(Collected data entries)
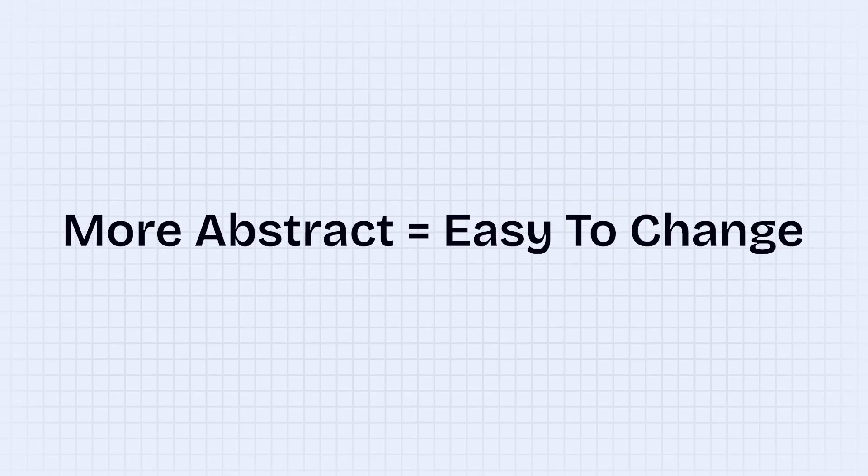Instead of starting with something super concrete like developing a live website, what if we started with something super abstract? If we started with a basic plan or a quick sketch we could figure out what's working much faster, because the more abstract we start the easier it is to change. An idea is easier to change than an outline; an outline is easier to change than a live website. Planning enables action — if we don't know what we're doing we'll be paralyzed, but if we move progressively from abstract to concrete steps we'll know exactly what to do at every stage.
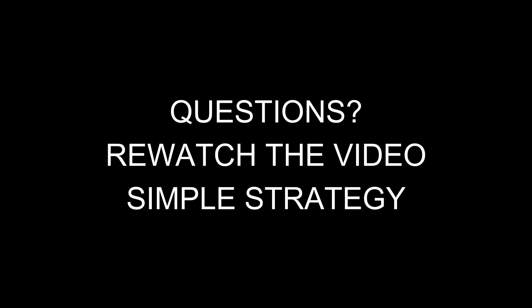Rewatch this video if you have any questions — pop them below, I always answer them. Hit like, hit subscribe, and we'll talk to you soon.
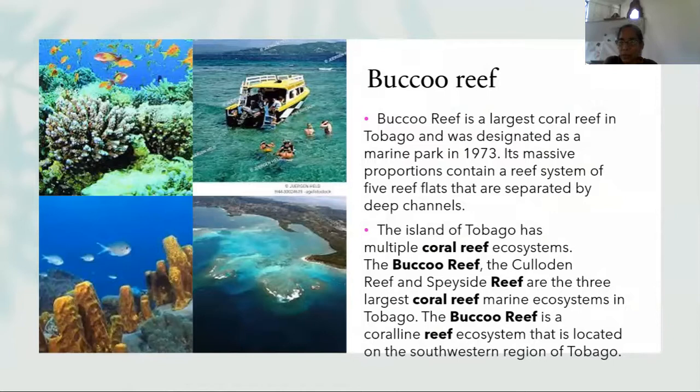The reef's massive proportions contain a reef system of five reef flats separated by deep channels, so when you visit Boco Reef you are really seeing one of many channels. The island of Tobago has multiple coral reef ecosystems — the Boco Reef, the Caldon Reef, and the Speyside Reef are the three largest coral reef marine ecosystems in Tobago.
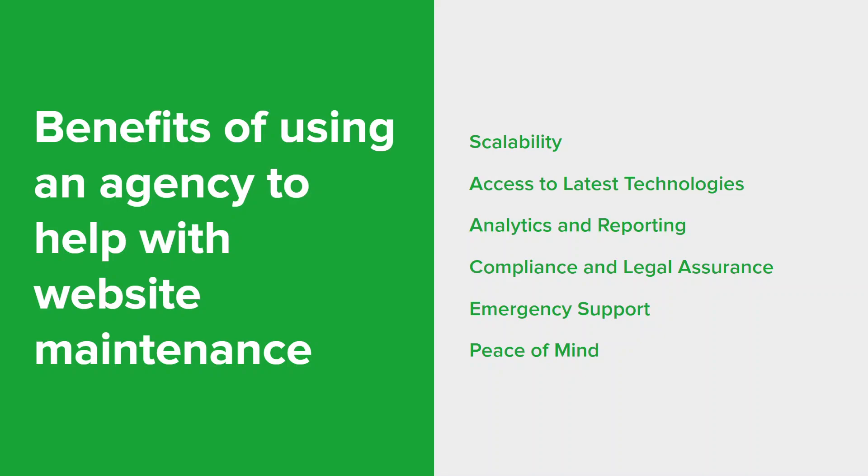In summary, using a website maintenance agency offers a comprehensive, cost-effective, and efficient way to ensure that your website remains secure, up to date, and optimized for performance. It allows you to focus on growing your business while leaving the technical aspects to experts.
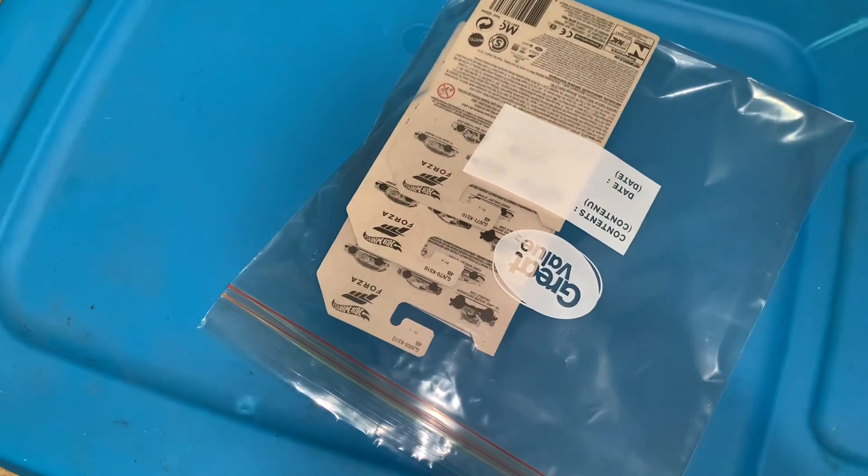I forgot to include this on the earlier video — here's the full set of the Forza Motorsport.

Exercise goal: Print the data above exactly; drop every picture.

Answer to the problem:
Instead of starting with something super concrete like developing a live website, what if we started with something super abstract? If we started with a basic plan or a quick sketch we could figure out what's working much faster, because the more abstract we start the easier it is to change. An idea is easier to change than an outline; an outline is easier to change than a live website. Planning enables action — if we don't know what we're doing we'll be paralyzed, but if we move progressively from abstract to concrete steps we'll know exactly what to do at every stage.
Rewatch this video if you have any questions — pop them below, I always answer them. Hit like, hit subscribe, and we'll talk to you soon.
The reef's massive proportions contain a reef system of five reef flats separated by deep channels, so when you visit Boco Reef you are really seeing one of many channels. The island of Tobago has multiple coral reef ecosystems — the Boco Reef, the Caldon Reef, and the Speyside Reef are the three largest coral reef marine ecosystems in Tobago.
In summary, using a website maintenance agency offers a comprehensive, cost-effective, and efficient way to ensure that your website remains secure, up to date, and optimized for performance. It allows you to focus on growing your business while leaving the technical aspects to experts.
I forgot to include this on the earlier video — here's the full set of the Forza Motorsport.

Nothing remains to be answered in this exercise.